Au milieu du XIX°, après avoir connu quelques courtes périodes de regain, on peut dire qu'il n'existe quasiment plus : seulement 40 pèlerins recensés à Compostelle le 25 Juillet 1867, jour de la St Jacques.

En 1878, survient un petit "miracle" qui tombe bien. On retrouve les reliques qui avaient été cachées lors de l'expédition en Galice du corsaire anglais Drake.

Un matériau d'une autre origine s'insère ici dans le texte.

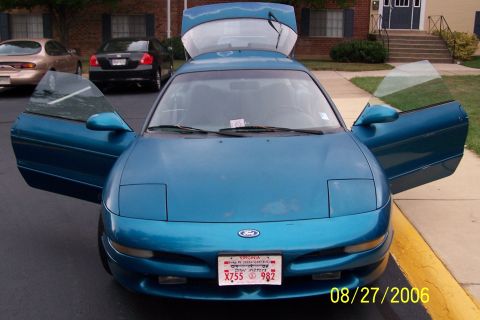 1994 Ford Probe - A blue 1994 Ford Probe is parked with its doors and trunk open, showing the front of the vehicle.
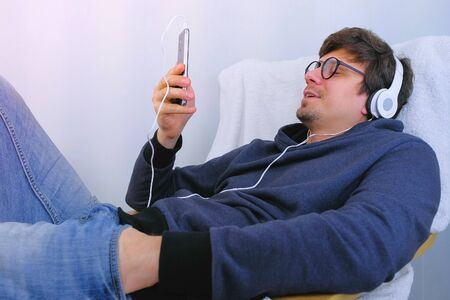 Man listens music in headphones on smartphone and sings a song in karaoke. Relax time in armchairの写真素材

Malgré les critiques d'éminents historiens, la découverte est officialisée, six ans plus tard, par le pape Léon XIII. Un coup pour rien, car des "apparitions miraculeuses" à Lourdes et Fatima, deux guerres mondiales et une guerre civile, viennent étouffer ce qui aurait pu constituer une ultime renaissance.

Depuis un demi siècle, et plus particulièrement depuis ces 10 dernières années, chacun constate l'accroissement de la fréquentation des chemins. Mais si en 2000, autant de pèlerins sont passés à Roncevaux qu'il y a 800 ans, ce n'est plus vraiment pour les mêmes motivations, et ni sous la même forme. En 1987, la reconnaissance par l'UNESCO des chemins de Compostelle comme "premier itinéraire culturel européen" y est certainement pour beaucoup.
Nul doute qu'elle a lancé sur les chemins au moins autant de randonneurs, passionnés d'histoire, de vieilles pierres, d'art et de culture, que d'authentiques pèlerins.